Beşinci Risale olan Beşinci Kısım
بِسْمِ اللّٰهِ الرَّحْمٰنِ الرَّحِيمِ
… اَللّٰهُ نُورُ السَّمٰوَاتِ وَاْلاَرْضِ âyet-i pür-envârının çok envâr-ı esrarından bir nurunu, Ramazan-ı Şerif’te bir halet-i ruhaniyede hissettim, hayal-meyal gördüm. Şöyle ki:
(Allah ism-i cami olduğu için karanlıktan aydınlığa çıkmak için bütün esmayı tek tek düşünebiliriz. Veysel Karani’nin münacatını nur âyeti için düşündüğümüzde bizi abdiyet karanlığından Rab ismi ile aydınlığa çıkarıyor. Veya mahlukiyet karanlıklı bir vaziyetken herşeyi halk eden bir Halîkın mahlûku olmak aydınlıklı bir vaziyet oluyor. Veya rızka muhtaç olmak karanlıklı bir vaziyetken merzuk bir Rezzakımızın olması aydınlık bir vaziyet oluyor. Şöyle ki; Yâ Rab bizi abdiyet karanlığından Rab isminle aydınlığa çıkar. Yâ Halîk mahlukiyetin karanlıklı bir vaziyetinden herşeyi halk eden bir Halîkın mahlûku olmak aydınlıklı bir vaziyete çıkar. Yâ Rezzak rızka muhtaç olmanın karanlıklı bir vaziyetinden bizi Rızıklandırarak aydınlık vaziyete çıkar. Vehakeza)
Üveys-i Karanî’nin:
اِلهِى اَنْتَ رَبِّى وَ اَنَا الْعَبْدُ ٭ وَ اَنْتَ الْخَالِقُ وَ اَنَا الْمَخْلُوقُ ٭ وَ اَنْتَ الرَّزَّاقُ وَ اَنَا الْمَرْزُوقُ ٭ الخ
münacat-ı meşhuresi nev’inden, bütün mevcudat-ı zevilhayat, Cenab-ı Hakk’a karşı aynı münacatı ettiklerini ve onsekiz bin âlemin herbirinin ışığı, birer ism-i İlahî olduğunu bana kanaat verecek bir vakıa-ı kalbiye-i hayaliyeyi gördüm. (Nur tekil iken zulümat çoğul olarak zikredilmiş. Bunun sebebi karanlıktan kurtulmak için tek bir nur kâfi iken karanlıkta kalmakla eşya adedine zulümat oluyor.)
Şöyle ki:
Birbirine sarılı çok yapraklı bir gül goncası gibi, şu âlem binler perde perde içinde sarılı, birbiri altında saklı âlemleri bu âlem içinde gördüm. (Cenâb-ı Hakkın bütün yıldızlar üstünde rububiyetini gösteren tasarrufatı olduğu gibi bir tek yıldızın üstünde dahi ayrı ayrı tasarrufu olduğunu Rabbuşşira tabiri ifade ediyor.)

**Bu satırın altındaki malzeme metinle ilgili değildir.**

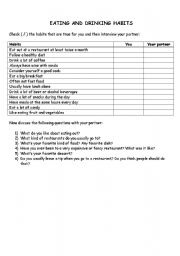 English Worksheet: Talking about your eating habits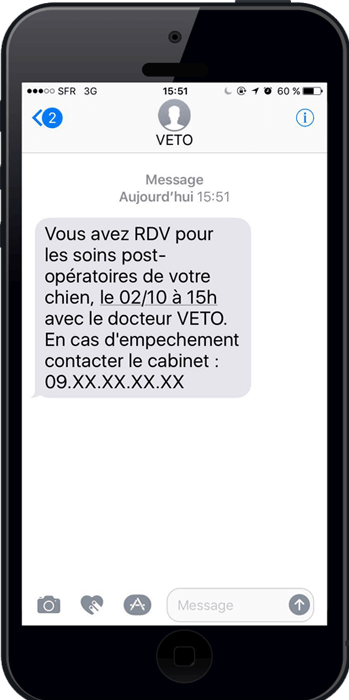 Le rappel de RDV par SMS permet aux propriétaires de ne plus oublier le RDV pour leurs animaux de compagnie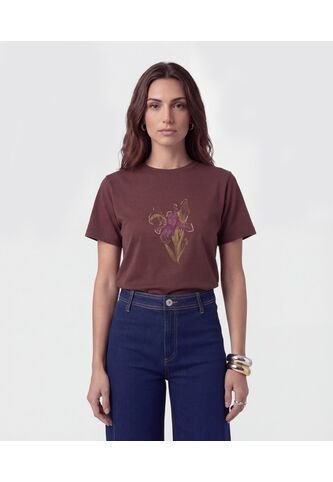 Camiseta Cuello Redondo Clásica   Para Mujer Café Patprimo Patprimo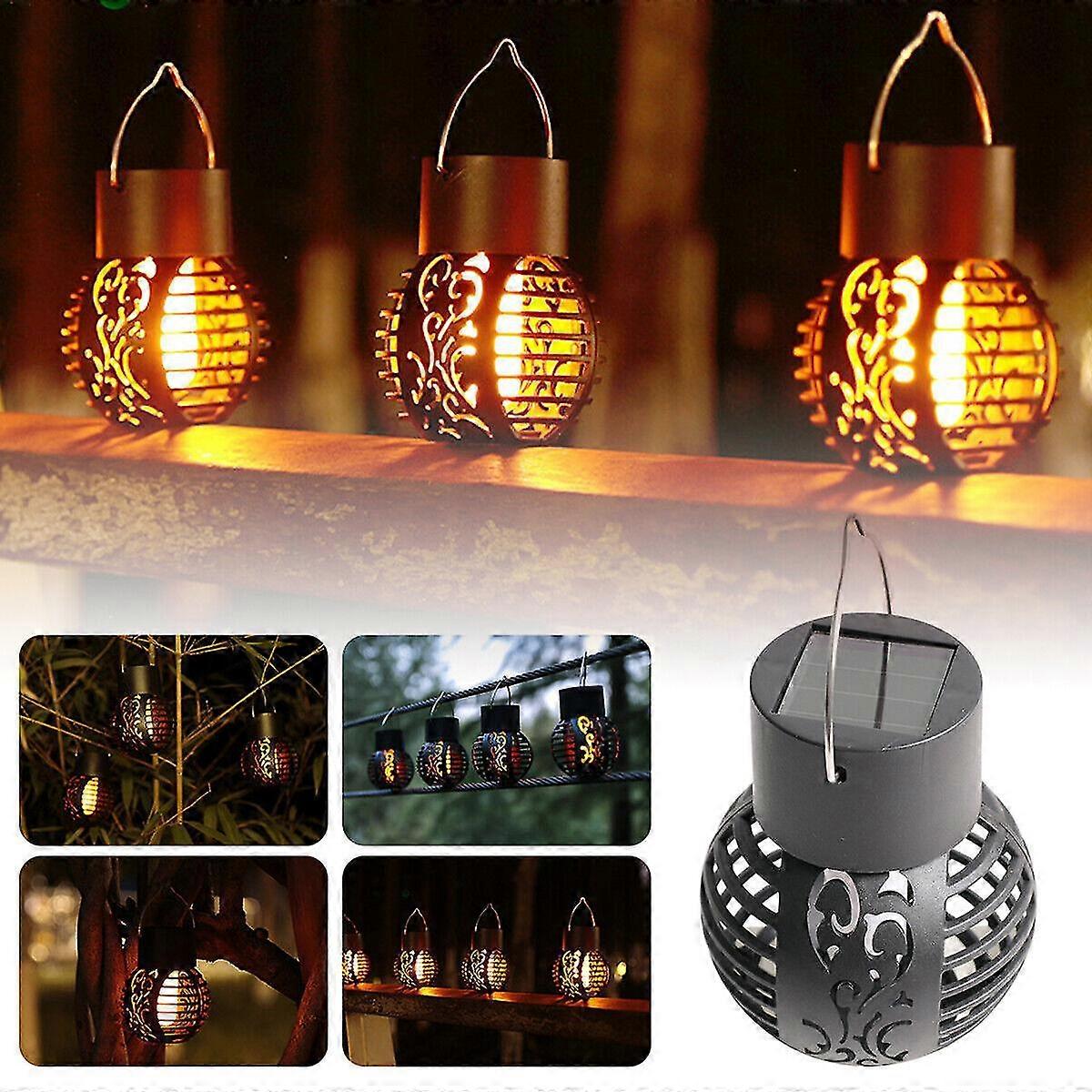 6 Led Solar Powered Flickering Flame Light Hanging Lantern Lamp Garden Decor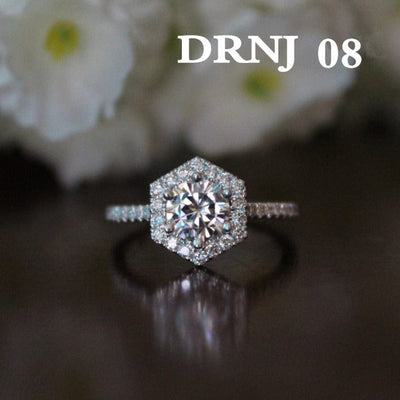 Ring - Women's Eight Heart Eight Arrow Six Claw Moissanite Zircon Wedding Ring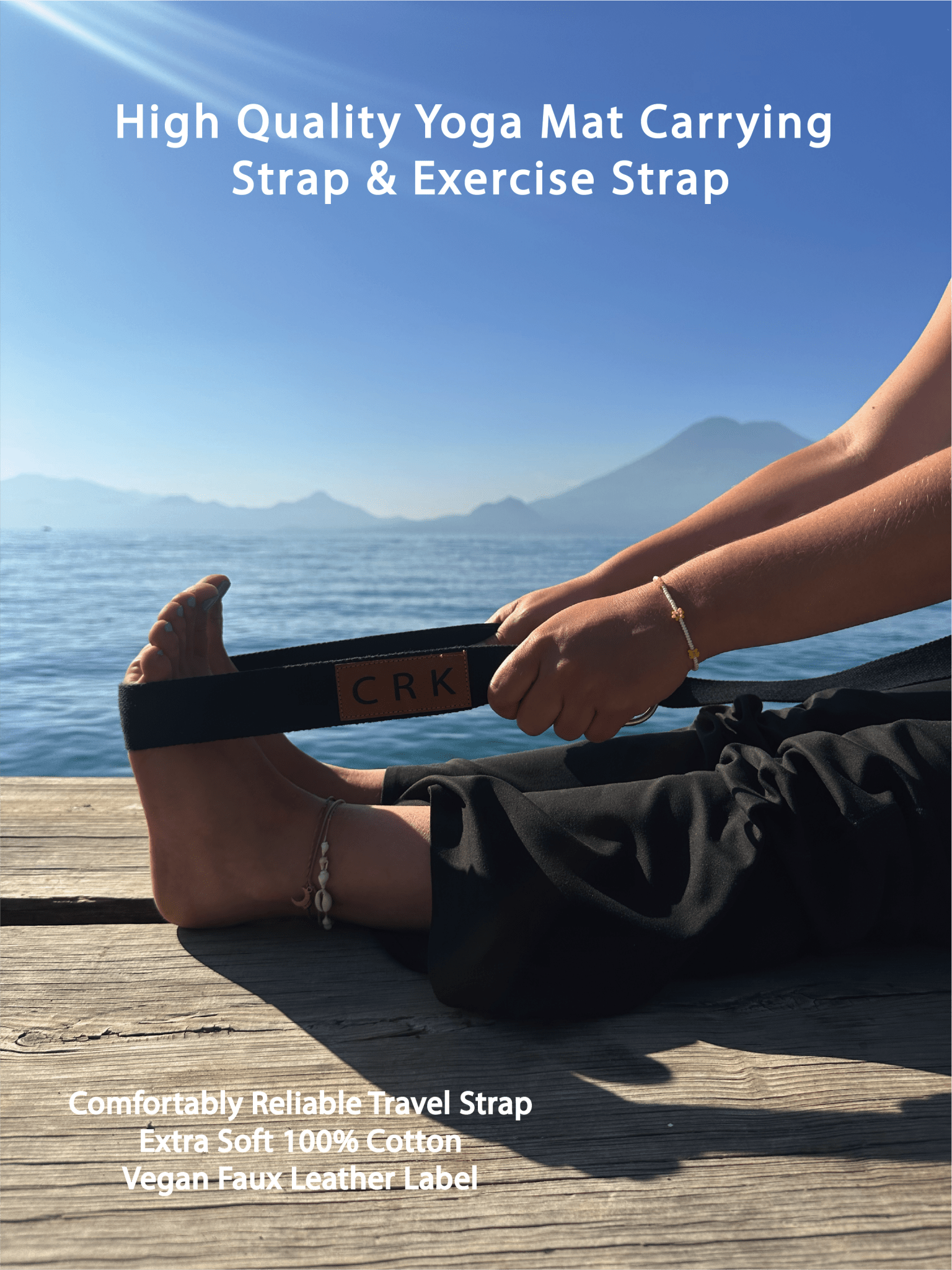 The Black Strap • Yoga Mat Carrying Strap and Exercise Strap - Crk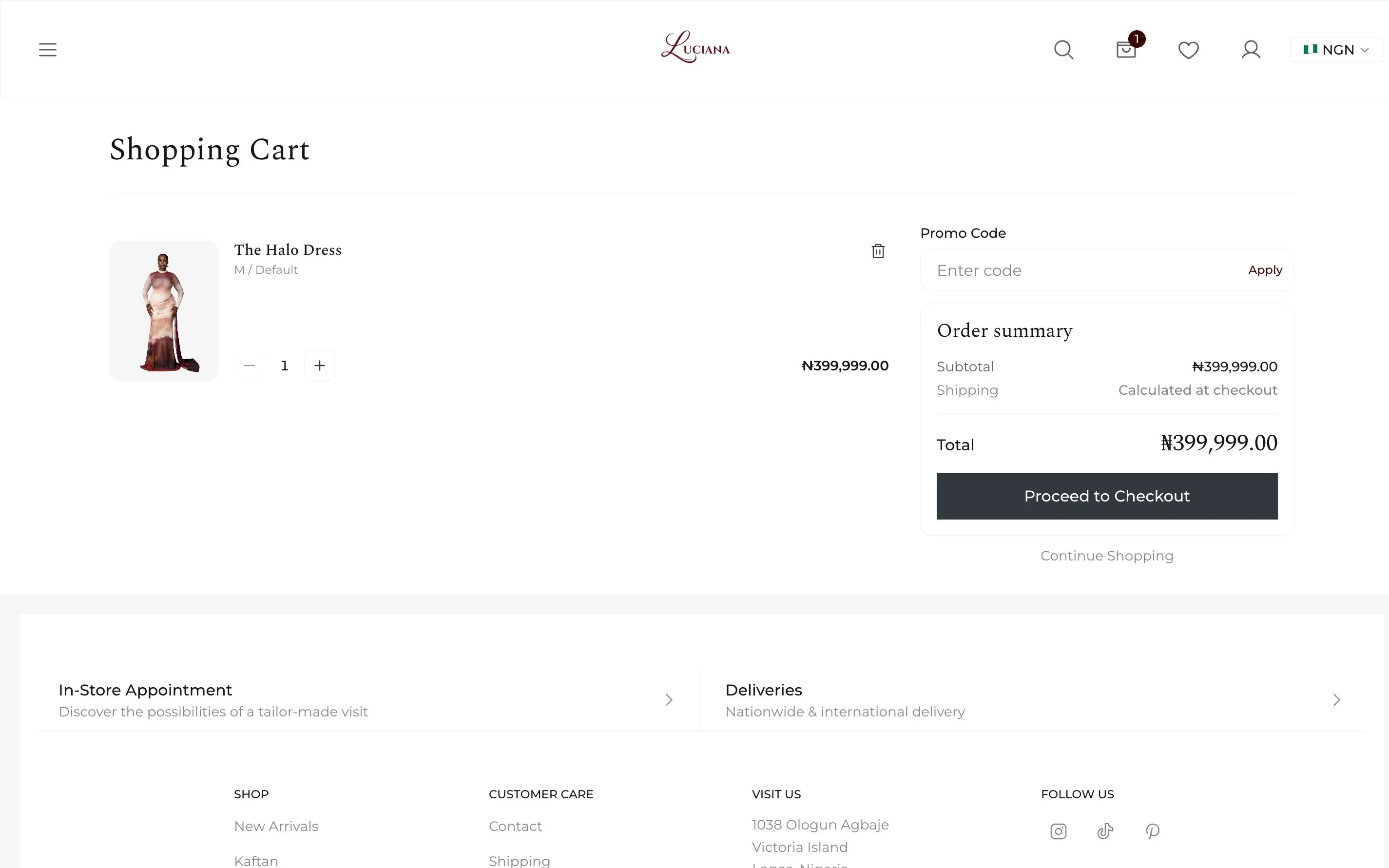Shopping cart: The Halo Dress, size M, quantity, and an order summary with Proceed to Checkout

Herbir perde açıldıkça, diğer bir âlemi görüyordum. O âlem ise, âyet-i Nur’un arkasındaki
اَوْ كَظُلُمَاتٍ فِى بَحْرٍ لُجِّىٍّ يَغْشَيهُ مَوْجٌ مِنْ فَوْقِهِ مَوْجٌ مِنْ فَوْقِهِ سَحَابٌ ظُلُمَاتٌ بَعْضُهَا فَوْقَ بَعْضٍ اِذَا اَخْرَجَ يَدَهُ لَمْ يَكَدْ يَرَيهَا وَمَنْ لَمْ يَجْعَلِ اللّٰهُ لَهُ نُورًا فَمَا لَهُ مِنْ نُورٍ
âyeti tasvir ettiği gibi; bir zulümat, bir vahşet, bir dehşet karanlığı içinde bana görünüyordu.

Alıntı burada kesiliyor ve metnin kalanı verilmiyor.